Of course, all this has been cause for much complaining and, by way of reaction, insipid canonizing debates – as if the establishing of arbitrary lists of ‘great authors’ would somehow resolve the fundamental paradoxes facing a modest-sized culture with a strong cosmopolitan streak. That can only provide Dutch literature with a false identity, one that is entirely based on provincialism. This must be rejected. If, once upon a time, Nijhoff could hold that Dutch poetry was among the world’s finest, we can today only excuse him on the grounds that he had no internet access.

Instead, Dutch literature should find ways to account for its own position between an irreducible provincialism (because its language can’t be widely read) and its globalized culture. It is only in this way that it might be able to address what it means to be a speaker of Dutch in this world. Thus, first of all, the Dutch literary scene should try to follow foreign literatures as much as possible, and always be willing to compare its own production to what it finds abroad. The Dutch should do what the Dutch are traditionally good at, which is to read other languages.

Finally, for a more radical suggestion I turn to the ideas of a Finnish poet, Leevi Lehto, a specialist (among other specialties) in American experimental writing, who has devoted many essays to the issues of translation and the relation of international poetries. He observes that the most widely spoken language in the world today is ‘English spoken as Second – or Nth – Language’, but that this language does not yet have its proper literature. Therefore he advocates the production of ‘barbaric poetry’: that as a Finn, for example, he might write original work in other languages – including, perhaps, languages he can not even read himself (and in fact Lehto has done so). Internationalism, then, is not to be achieved by everybody speaking the same language, but by everybody coming to the same uncontrollable pluriformity of languages from an uncontrollable pluriformity of linguistic positions. Radicalizing a poetics of misprision, language and nation would then no longer be fundamentally linked. Instead there would be a ‘new kind of World Poetry not yet in existence’, a poetry that might involve

independence vis-à-vis National Literatures, including institutionally (…); mixing of languages; borrowing of structures – rhythmical, syntactical – from other languages; writing in one’s non-native languages; inventing new, ad hoc languages; conscious attempts to write for more heterogeneous, non-predetermined audiences… (quoted from his essay ‘Plurifying the Languages of the Trite’)
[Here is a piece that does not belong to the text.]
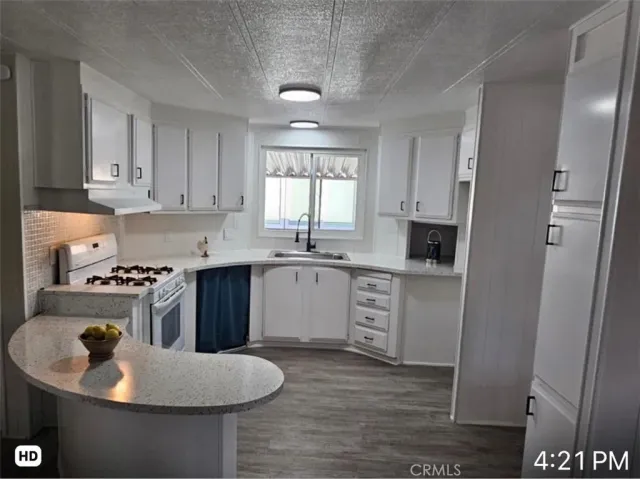 a kitchen with a sink stove and refrigerator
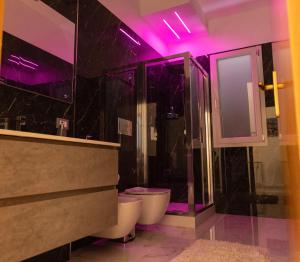 e bagno con servizi igienici e doccia con luci viola. di Casa vacanza lido a Sciacca Altre 31 foto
Recent examples of similar approaches in Dutch literature might include Arjen Duinker’s original work in other languages or Rozalie Hirs’ multi-lingual text-and-electronic-sounds composition, Brug van Babel, based on quotes from poets in many different languages.

To acknowledge globalization in literature would then mean both to read and write in any language that one has access to, one’s own as much as those of others, acknowledging particular backgrounds at the same time as their place in the world.